In the case of the recording industry's online plans, each of the major labels says it is theoretically willing to license music to many others sites, including those operated by retailers. Some retailers have been talking with the services, although no deals have been announced yet.

Analysts say the Pressplay and MusicNet services offer different terms for retailers. Although neither would allow a site such as TowerRecords.com total control over catalog and pricing, MusicNet does leave the pricing and much of the way the information is presented up to the licensee. Pressplay, at least for now, locks its licensees into specific pricing and controls much of the presentation, analysts note.

"Pressplay is death on retailers," Sinnreich said. "It reduces participation to little more than the most powerless affiliate--little more than Joe's Website.com would have looked like as an Amazon affiliate three years ago."

Labels, however, say their services are the best way for the retailers to move into the new world. Consumers are as likely or more likely to go to brands they already associate with music for the subscription services.

Retailers are "not going to get cut out if they embrace other models," said Ted Cohen, new media vice president for EMI. "I don't see any conflict. There are ways to be inclusive."

Eye on fairness
Even if the retailers are privately talking to the services, they're publicly on guard. An executive from Tower Records testified in front of a Senate committee several months ago, stopping just short of saying that labels had deliberately muddled previous digital distribution deals to set the stage for the labels' own services.

Since that time, the National Association of Recording Merchandisers (NARM), the music stores' trade association, says it has sent letters asking for assurances that its members won't be discriminated against in favor of sites associated with the services, such as RealNetworks or AOL. They received no answer from two labels and a perfunctory acknowledgment from a Warner executive, says NARM President Pam Horovitz.

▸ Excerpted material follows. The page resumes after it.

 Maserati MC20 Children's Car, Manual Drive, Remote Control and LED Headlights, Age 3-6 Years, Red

In addition, the association suggests the labels' efforts should be scrutinized for antitrust issues, a point also made by Internet music companies bitter about the record labels' reluctance to license their products for new types of digital distribution.

"I think we need to be very concerned when a handful of companies control the copyrights and increasingly control the (distribution) pipes as well," Horovitz said, making pointed reference to the merger between AOL and Time Warner. "It does need to color the way that government looks at this market."

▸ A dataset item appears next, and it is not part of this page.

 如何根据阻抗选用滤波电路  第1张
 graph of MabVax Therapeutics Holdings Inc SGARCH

At this point, however, retailers may need to scramble in the market before depending on government action. Pressplay and MusicNet each are slated to launch this summer, and policy-makers in Congress have shown little desire to do anything but exert some stern rhetorical pressure, warning the labels that they need to allow others into the market.

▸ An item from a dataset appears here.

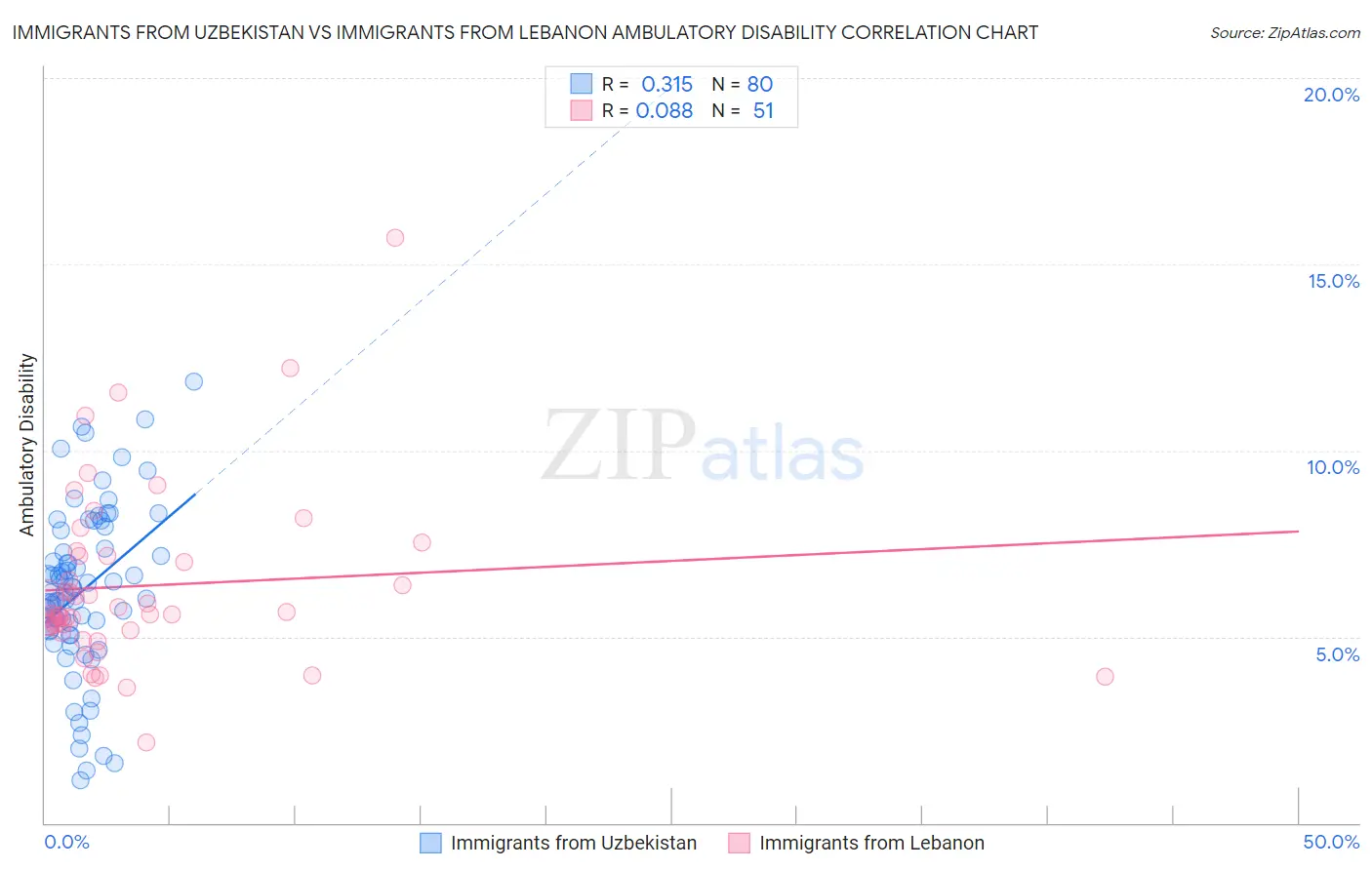 Immigrants from Uzbekistan vs Immigrants from Lebanon Ambulatory Disability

Analysts say the subscription services aren't likely to take the music world by storm at first, particularly if each offers only two or three of the five major labels' music. But ultimately the model will grow, and retailers need a place there if they are to survive, market watchers say.

"The year 2001 could be the peak year of CD sales, or maybe even 2000 was," said Phil Leigh, an analyst who covers retailing for brokerage house Raymond James. "If (retailers) let someone else displace them online, they'll lose their market share."